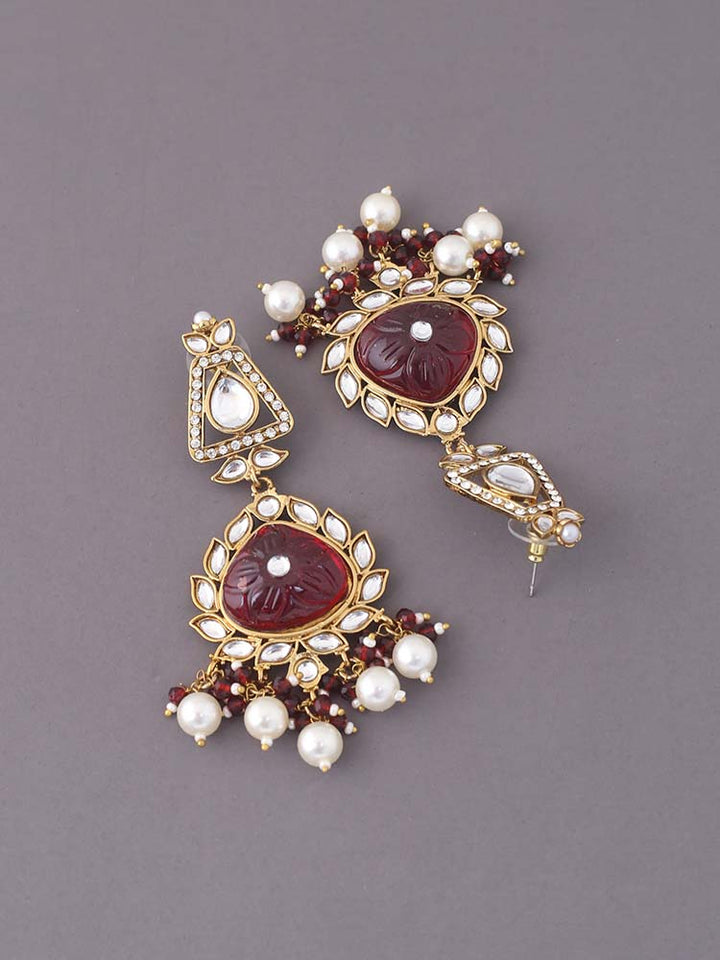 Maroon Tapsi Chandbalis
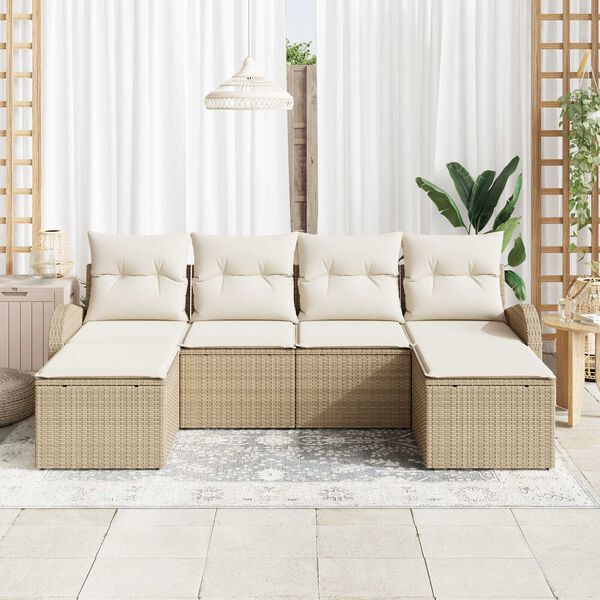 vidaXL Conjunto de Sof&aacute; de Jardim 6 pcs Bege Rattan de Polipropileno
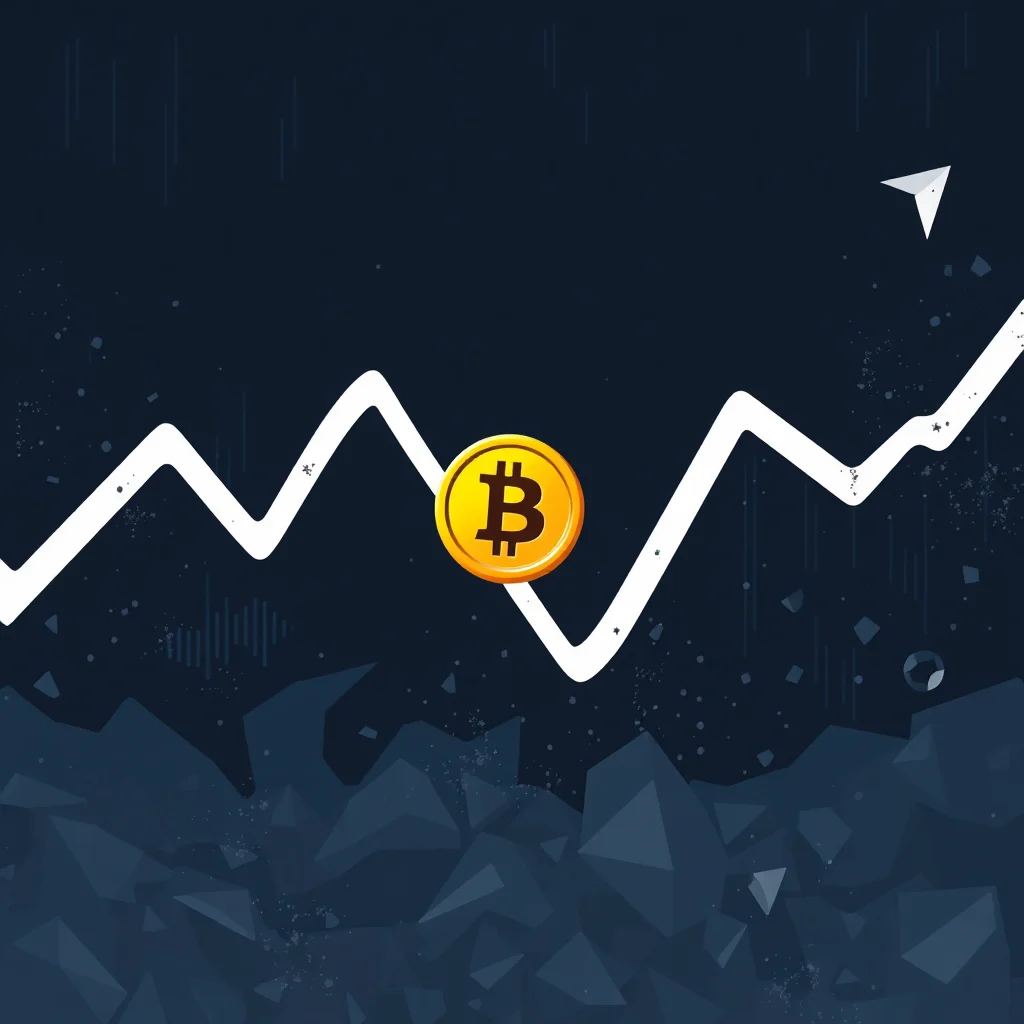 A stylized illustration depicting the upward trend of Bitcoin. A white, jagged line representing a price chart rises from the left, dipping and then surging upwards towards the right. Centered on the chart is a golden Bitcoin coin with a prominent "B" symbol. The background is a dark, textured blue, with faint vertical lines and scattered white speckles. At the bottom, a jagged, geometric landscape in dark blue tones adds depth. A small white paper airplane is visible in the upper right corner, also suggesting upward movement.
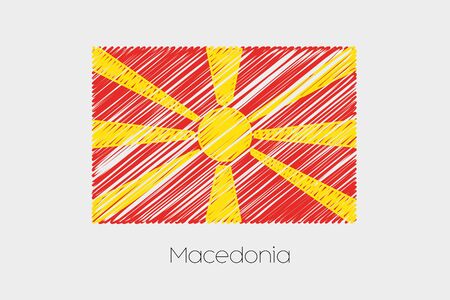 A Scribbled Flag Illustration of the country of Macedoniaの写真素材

**Exercise prompt:**
Each line of the data above should be reproduced without alteration, and no picture should appear in the copy.

**Expected answer:**
 Maroon Tapsi Chandbalis
 vidaXL Conjunto de Sof&aacute; de Jardim 6 pcs Bege Rattan de Polipropileno
 A stylized illustration depicting the upward trend of Bitcoin. A white, jagged line representing a price chart rises from the left, dipping and then surging upwards towards the right. Centered on the chart is a golden Bitcoin coin with a prominent "B" symbol. The background is a dark, textured blue, with faint vertical lines and scattered white speckles. At the bottom, a jagged, geometric landscape in dark blue tones adds depth. A small white paper airplane is visible in the upper right corner, also suggesting upward movement.
 A Scribbled Flag Illustration of the country of Macedoniaの写真素材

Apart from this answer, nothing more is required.